Se os personagens não possuem conflitos interiores, eles são chatos. É esse o motivo de eu não conseguir ler a maioria das obras desse gênero – os protagonistas são, em geral, mal feitos, unidimensionais. Isso tudo está relacionado a tramas intrigantes e complexas. Gosto do modo como Lennox tenta resolver seus próprios mistérios e, ao mesmo tempo, os de Tianna.
A pedofilia na internet é um problema em pauta atualmente. Em sua opinião, como isso pode ser controlado? Pensou em incluir alguma passagem relacionada à internet na história?
Não sei como isso pode ser controlado.
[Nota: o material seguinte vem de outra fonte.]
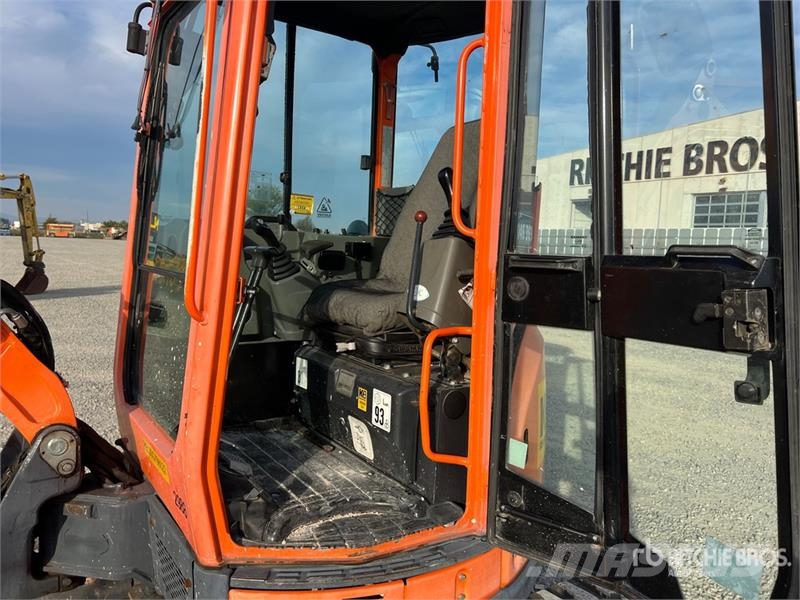 Yanmar ViO33UCR Mini Excavator Mini rýpadlá < 7t
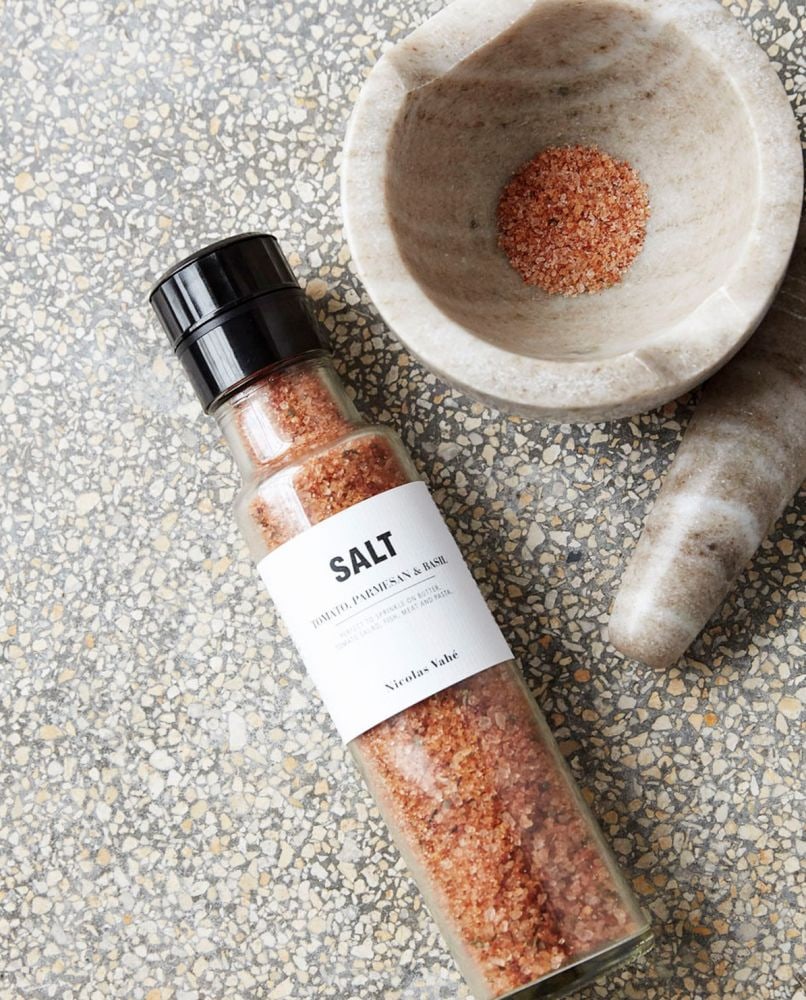 Nicolas Vahé Mühle Salz mit Parmesan, Tomate & Basilikum One Size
Acho que as crianças deveriam ser orientadas sobre esse problema, sobre o que é aceitável e o que não é.
Algumas séries de TV, como “Lei e Ordem”, tratam de temas parecidos com os que você apresenta em Crime – a pedofilia, por exemplo. Usou algum desses seriados como referência?
Não, nunca vi um capítulo de “Lei e Ordem” na minha vida.
Você teve algum autor como referência ao escrever a obra?
Não, estudei relatórios médicos e participei de reuniões de grupos de sobreviventes de abuso sexual.
Você descreve Edimburgo (capital da Escócia) em alguns livros e, especificamente em Crime, criou um contraste entre a cultura escocesa de Ray e a cultura norte-americana. Você se considera um retratista de Edimburgo?
Acredito que sim, mas qualquer um que escreve sobre um lugar é um retratista apenas pelo simples ato de escrever.
Qual o próximo projeto?
Meu novo livro será lançado no ano que vem. Será uma continuação de Trainspotting, desta vez tendo Miami como cenário.
(2) Comentários
Deixe o seu comentário
Você precisa fazer o login para publicar um comentário.
Miami é uma cidade sinistra e suspeita? e Londres? e Oslo? e Berlim? e Paris? Miami é uma metrópole como outra qualquer, com problemas típicos de uma metrópole. Ou alguém aí costuma dar um pulinho na periferia desses grandes centros metropolitanos europeus?? Duvido muito. A diferença na verdade reside no preconceito do autor, visto que Miami é uma cidade tipicamente latina. A Europa branca, vamos e convenhamos, continua racista, fascista e elitista. Não leio nem lerei o livro.
Não me agradou a entrevista.
Este livro teria grandes chances de ser lido por mim por ser do Welsh.
Não sei graças a quem… à soberba dele ou à falta de cuidados da edição. Enfim… não lerei.